Pictures with short captions:

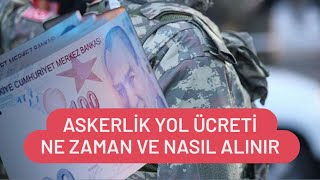 Askerlik Yol Ücreti Nasıl Alınır  Askerlik Yol ve İaşe Parası Ne Zaman Yatar [upl. by Enrak]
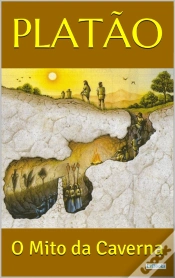Capa do artigo Platão: O Mito Da Caverna
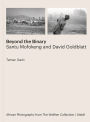 Beyond the Binary: Santu Mofokeng and David Goldblatt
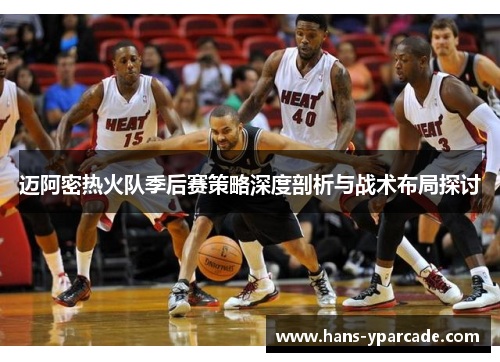 迈阿密热火队季后赛策略深度剖析与战术布局探讨 迈阿密热火队季后赛策略深度剖析与战术布局探讨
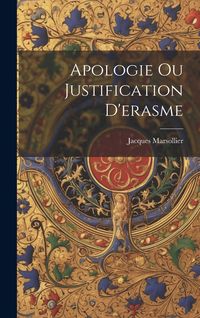 Produktbild: Apologie Ou Justification D'erasme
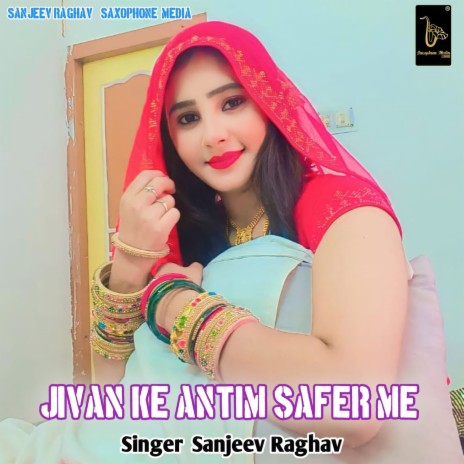 Jivan Ke Antim Safer Me (Sanjeev Raghav Hindi Song) | Boomplay Music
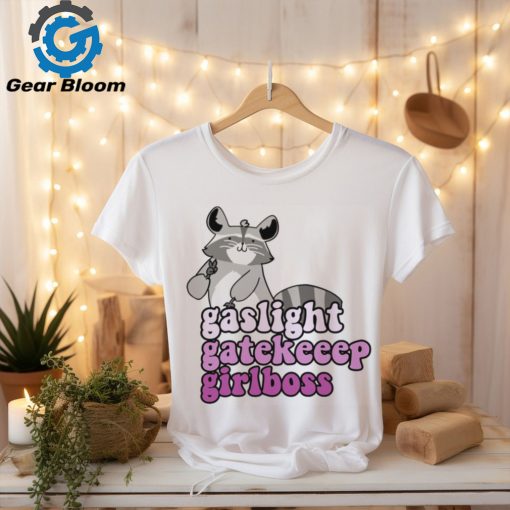 Gaslight, Gatekeep, Girlboss shirt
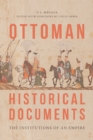 Image for Ottoman historical documents: the institutions of an empire
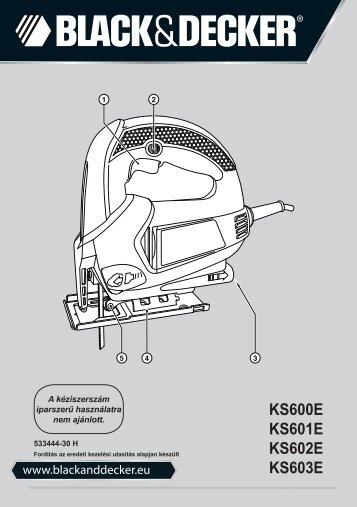 BlackandDecker Maschera Da Taglio- Ks600e - Type 1 - Instruction Manual (Ungheria)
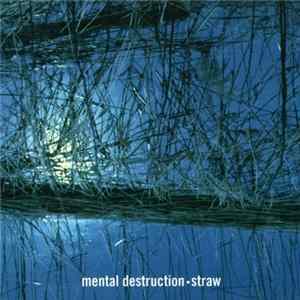 Mental Destruction - Straw FLAC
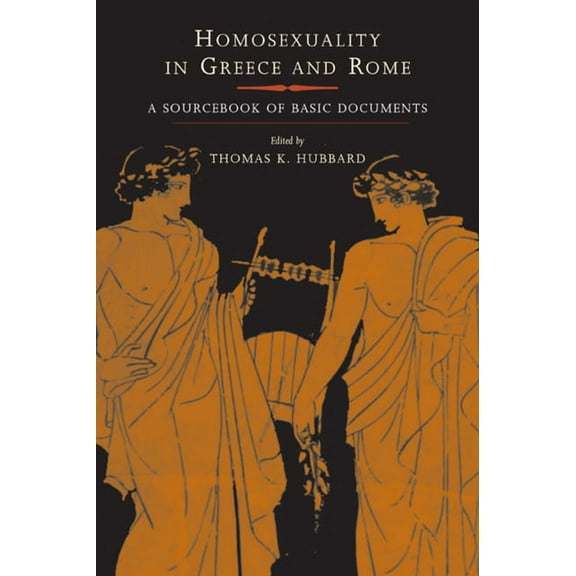 Homosexuality in Greece and Rome : A Sourcebook of Basic Documents (Edition 1) (Paperback)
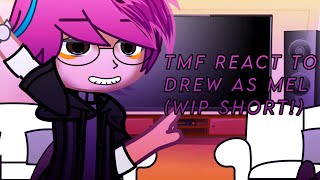 TMF react to Drew as Mel  ‼️ og🎀💗🙏 [upl. by Akeemahs]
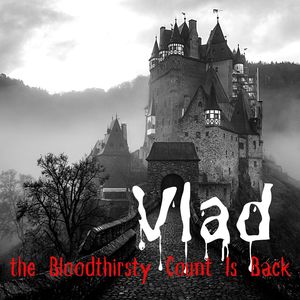 Vlad, the Bloodthirsty Count Is Back: Dark Night Vampire Creepy Inspirational Music for Halloween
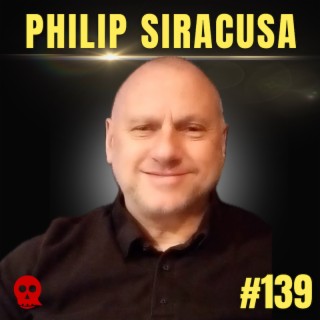 139 - His near-death experience at 14 years old | Philip Siracusa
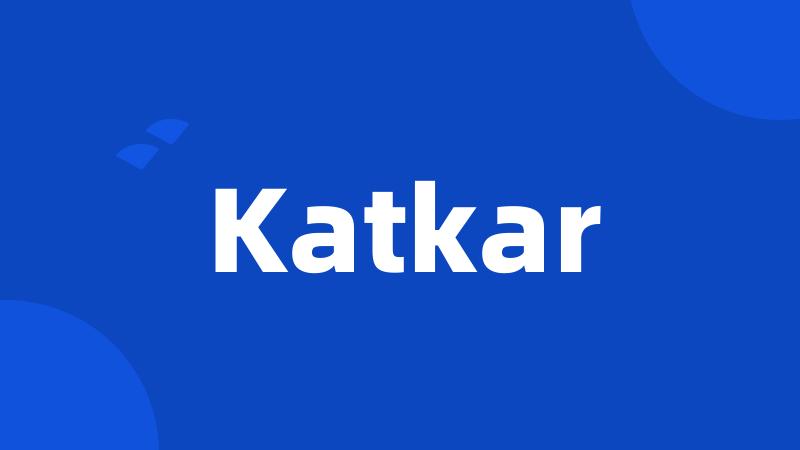 Katkar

# [What needs to be done]
In the records above, the lines from the one containing "139 - His near-death" through the last line are to be written out exactly, both ends included and pictures omitted.

# [Solution for this task]
 139 - His near-death experience at 14 years old | Philip Siracusa
 Katkar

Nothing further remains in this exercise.